The proposal doesn’t address related transaction costs, but that seems to have been because the IASB didn’t think it was necessary, noting in a staff paper that IFRIC had previously considered the issue and decided not to add it to its agenda. The staff also noted in that paper: “the purpose of the project is to develop answers to application questions on applying the equity method. We reviewed the initial input from constituents and did not find questions about how to recognize acquisition-related costs.” Given this fact, and the absence of a “quick” answer in IFRS (because one’s view might differ depending on whether one analogizes with acquiring an asset or with acquiring a subsidiary, among other things), the exposure draft ended up being silent on the issue.
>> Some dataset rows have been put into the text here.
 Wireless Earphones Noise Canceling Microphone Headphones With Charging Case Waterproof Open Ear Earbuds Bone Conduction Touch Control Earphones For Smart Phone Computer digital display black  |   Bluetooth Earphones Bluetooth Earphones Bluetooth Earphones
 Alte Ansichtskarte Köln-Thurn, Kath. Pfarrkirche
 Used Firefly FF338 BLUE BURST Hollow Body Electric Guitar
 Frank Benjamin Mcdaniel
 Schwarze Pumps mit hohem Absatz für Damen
Some high-profile respondents, such as the UK Endorsement Board, simply supported the proposed definition without further elaboration. But some others, such as the Austrian Financial Reporting Advisory Committee, zoomed in on the transaction costs issue:
- The ED does not specify whether transaction costs should be included in the carrying amount of the investment. The treatment of transaction costs should be dependent on whether the equity method is considered as a measurement basis or as a one-line consolidation. If the equity method is seen as a measurement basis, transaction costs should be added to the cost of the underlying investment. Under the view of the equity method as pure consolidation approach, transaction costs should be treated according to the principles in IFRS 3 and accordingly should be immediately expensed in profit or loss. We recommend that the IASB clarifies which view should prevail. Clarifying the treatment of transaction costs would avoid creating a new source of diversity in practice. As transaction costs for investments in equity instruments are expensed under other standards, i.e. IFRS 9 and IFRS 3, we suggest that this treatment should also be used for investments under IAS 28.
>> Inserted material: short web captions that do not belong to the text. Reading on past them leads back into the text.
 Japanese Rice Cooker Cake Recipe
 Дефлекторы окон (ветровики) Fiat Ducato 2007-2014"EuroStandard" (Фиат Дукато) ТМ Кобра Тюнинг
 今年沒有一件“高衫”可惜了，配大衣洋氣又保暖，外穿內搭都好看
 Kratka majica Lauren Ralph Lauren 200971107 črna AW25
PricewaterhouseCoopers also commented on that issue, and suggested an alternative way to go:
- To provide a practical solution to this question and to drive consistency of application, we think that the definition of “Cost of the associate or joint venture’ should include transaction costs. This would be consistent with the Conceptual Framework for financial reporting where the value of the costs incurred in acquiring an asset comprises the consideration paid plus transaction costs. In addition, we think that the Basis for Conclusions should include an explanation that this is a practical fix to drive consistency only, and it does not intend to answer the underlying conceptual question or suggest that the acquisition of an associate or joint venture should be considered the acquisition of an asset and not a business.
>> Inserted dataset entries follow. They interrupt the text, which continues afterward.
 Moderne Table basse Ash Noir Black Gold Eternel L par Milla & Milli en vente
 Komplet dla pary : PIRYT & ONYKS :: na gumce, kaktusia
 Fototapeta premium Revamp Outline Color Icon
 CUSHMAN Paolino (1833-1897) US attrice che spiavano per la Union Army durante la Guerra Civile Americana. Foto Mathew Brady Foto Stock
Many other respondents addressed the matter as well, some suggesting their preferred treatment (generally consistent with PWC’s suggestion), others only requesting that the issue be clarified one way or the other. But presumably many of those respondents had seen the staff paper cited above, or were otherwise well aware that the IASB hadn’t just overlooked the issue, and one wonders whether they were truly worried about the possible creation of (to quote the above) a new source of diversity in practice. After all, no financial statement analysis and resulting investment decision will ever remotely turn on whether or not the initial recognition amount of a newly-acquired associate included transaction costs. One wonders whether, in raising the issue, some of the respondents were primarily engaging in a form of self-branding, using the comment letter to flag to others (or maybe even to themselves) their thoroughness. Or alternatively (because I don’t merely mean to be cynical) it truly bothers them that IFRS, no matter how principle-based, should leave any pluggable hole unplugged. As I said, it’s an informative case study, for how even a relatively tiny issue can trigger a multiplicity of reactions…
The opinions expressed are solely those of the author.